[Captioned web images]
== Segment start ==

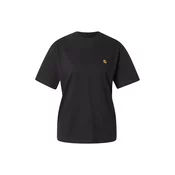 Carhartt WIP Majica Chase zlata/črna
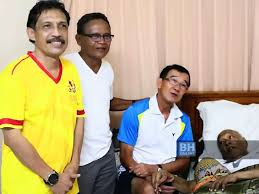 Ia cermin sejati sepak bola dan orang inggris sejati. Legenda Bola Sepak Negara Makin Uzur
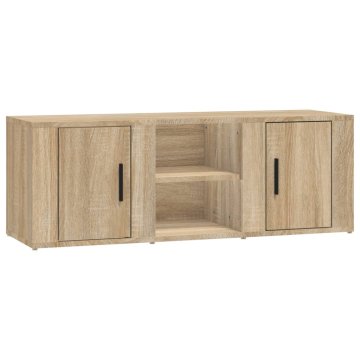 Vidaxl TV omarica 100x31,5x35 cm inženirski les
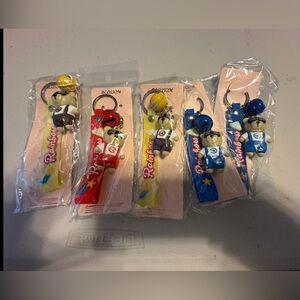 Bear keychain bundle
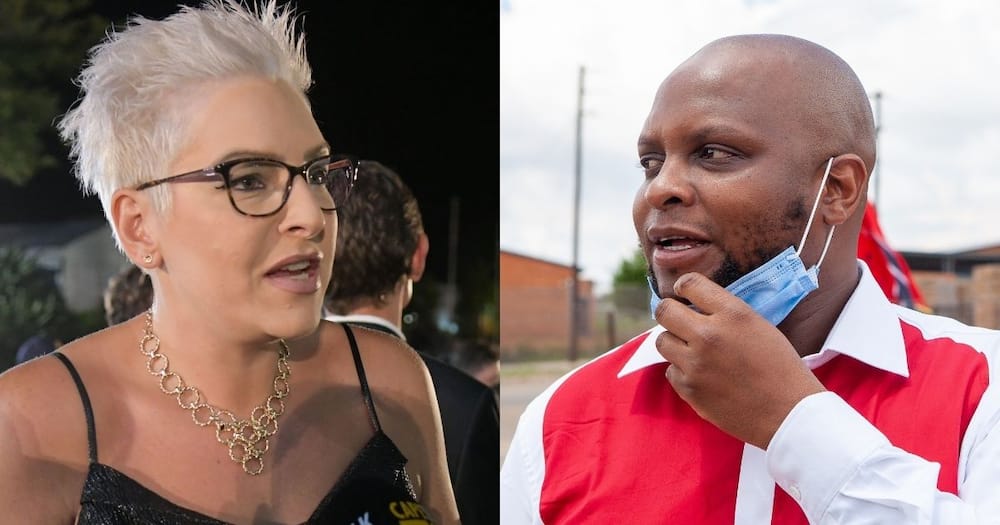 Natasha Mazzone questions Floyd Shivambu's comments about Mkhwebane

== Segment end ==

◆ Work instructions: Word for word, give the data above again, without any images.

◆ Result for this exercise:
 Carhartt WIP Majica Chase zlata/črna
 Ia cermin sejati sepak bola dan orang inggris sejati. Legenda Bola Sepak Negara Makin Uzur
 Vidaxl TV omarica 100x31,5x35 cm inženirski les
 Bear keychain bundle
 Natasha Mazzone questions Floyd Shivambu's comments about Mkhwebane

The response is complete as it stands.